I have a 4-tuner Premiere (w/ Comcast). Everything works good. Was looking at possibly getting a Stream in order to do out-of-home streaming of live channels (to portable devices...iPad and iTouch). 

Can this be done with a 4-tuner Premiere? Or is it really only for the Roamios?

Also, if it can be done, will the Stream just use one of the 4 tuners on my Premiere without disturbing the current viewer in any way? Or does it work some other way?


----------



## tatergator1 (Mar 27, 2008)

The Stream will work fine with a 4-tuner Premiere. It would only take a tuner for "Live TV". The current implementation requires that a recording be started on the host box for the "Live" program you want to watch. To the user at the 4-tuner Premiere, there's no real impact, all they would see would be a recording active on the channel being streamed to iDevice. They can continue to use the other 3 tuners as they wish. The user at the Premiere could even watch that program at the same time if they wanted to. The Stream would then trans-code the recording and send it to the iDevice at a slight delay to real-time. 

It does not "take" a tuner for already completed recordings. The proper comparison would be MRV or MRS between 2 Tivo boxes. All tuners are still available, the Stream is simply having the recorded program sent to it over the home network, and then trans-coding and passing it to the iDevice.


----------



## buscuitboy (Aug 8, 2005)

Cool. I read a post here saying that you can't stream any flagged content. Its more or less like the MRV feature between Tivos (mainly Series 3s). Is this true? In my case with Comcast, I am assuming this is the premium channel HBO that I get. All my other channels can essentially MRV content to/from my Series 3 box as needed so I suspect they won't be a problem with a Stream. 

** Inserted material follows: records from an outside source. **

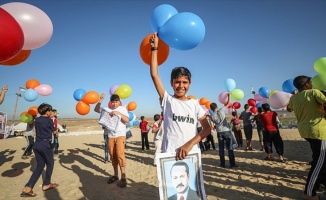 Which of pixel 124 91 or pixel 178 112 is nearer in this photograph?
pixel 178 112

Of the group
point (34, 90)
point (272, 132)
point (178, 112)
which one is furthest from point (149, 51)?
point (34, 90)

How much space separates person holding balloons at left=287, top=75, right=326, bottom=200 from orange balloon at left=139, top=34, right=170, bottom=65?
8.35 feet

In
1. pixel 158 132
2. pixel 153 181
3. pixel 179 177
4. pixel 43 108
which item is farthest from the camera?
pixel 158 132

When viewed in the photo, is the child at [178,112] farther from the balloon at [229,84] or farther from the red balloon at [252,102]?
the red balloon at [252,102]

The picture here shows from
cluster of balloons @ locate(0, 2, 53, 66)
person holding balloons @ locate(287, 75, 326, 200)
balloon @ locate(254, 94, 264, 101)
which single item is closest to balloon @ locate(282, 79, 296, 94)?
person holding balloons @ locate(287, 75, 326, 200)

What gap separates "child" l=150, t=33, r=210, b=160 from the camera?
2.00 metres

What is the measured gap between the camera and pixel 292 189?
4.30m

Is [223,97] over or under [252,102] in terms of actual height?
over

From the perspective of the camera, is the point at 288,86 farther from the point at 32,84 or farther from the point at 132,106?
the point at 32,84

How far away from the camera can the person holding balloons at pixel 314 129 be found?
3.27 m

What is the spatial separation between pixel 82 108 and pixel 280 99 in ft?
20.1

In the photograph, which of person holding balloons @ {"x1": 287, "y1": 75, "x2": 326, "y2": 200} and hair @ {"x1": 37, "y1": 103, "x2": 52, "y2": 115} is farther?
hair @ {"x1": 37, "y1": 103, "x2": 52, "y2": 115}

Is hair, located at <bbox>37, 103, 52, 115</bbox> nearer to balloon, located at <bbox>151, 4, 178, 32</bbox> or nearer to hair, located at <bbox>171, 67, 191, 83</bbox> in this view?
balloon, located at <bbox>151, 4, 178, 32</bbox>

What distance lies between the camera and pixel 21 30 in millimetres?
3082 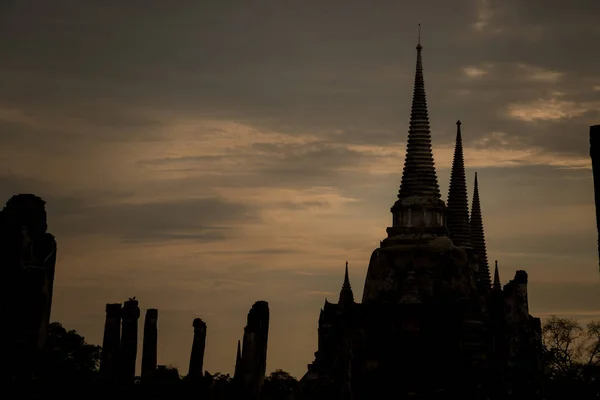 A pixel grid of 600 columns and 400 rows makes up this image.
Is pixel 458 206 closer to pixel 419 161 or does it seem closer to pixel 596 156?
pixel 419 161

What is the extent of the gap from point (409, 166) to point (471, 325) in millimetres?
20642

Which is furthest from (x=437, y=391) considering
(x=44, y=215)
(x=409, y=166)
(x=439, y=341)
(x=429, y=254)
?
(x=44, y=215)

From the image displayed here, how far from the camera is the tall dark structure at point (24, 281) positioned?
54.9ft

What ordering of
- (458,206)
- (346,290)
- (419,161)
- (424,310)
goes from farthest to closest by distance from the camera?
(346,290), (458,206), (419,161), (424,310)

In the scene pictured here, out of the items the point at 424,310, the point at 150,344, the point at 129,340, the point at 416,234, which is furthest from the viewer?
the point at 416,234

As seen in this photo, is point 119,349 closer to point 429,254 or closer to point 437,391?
point 437,391

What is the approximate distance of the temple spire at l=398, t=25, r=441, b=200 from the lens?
57781mm

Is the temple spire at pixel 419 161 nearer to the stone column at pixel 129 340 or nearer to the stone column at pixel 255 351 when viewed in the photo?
the stone column at pixel 129 340

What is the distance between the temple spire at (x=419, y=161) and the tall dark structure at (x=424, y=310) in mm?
48

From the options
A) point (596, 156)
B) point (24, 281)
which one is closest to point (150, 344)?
point (24, 281)

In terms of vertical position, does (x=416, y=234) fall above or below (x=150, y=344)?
above

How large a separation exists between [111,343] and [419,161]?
28161 mm

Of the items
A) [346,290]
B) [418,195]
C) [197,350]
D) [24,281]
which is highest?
[418,195]

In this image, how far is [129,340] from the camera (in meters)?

I thought about getting a Slingbox instead. Sounds like the main difference is a Slingbox can stream ANY content or live channel, but it will affect the viewer of the TiVo (since its basically connected to its video outputs). is this about right?


----------



## tatergator1 (Mar 27, 2008)

Right on all counts. If you can MRV a recording from the channel, that means the CCI-byte is 0x00 and out-of-home streaming will be allowed. 

The one other benefit to a Slingbox is that it is a mature technology. Tivo streaming is not and still has it's share of quirks/bugs and is certainly not as good as adaptive streaming as a Slingbox would be.


----------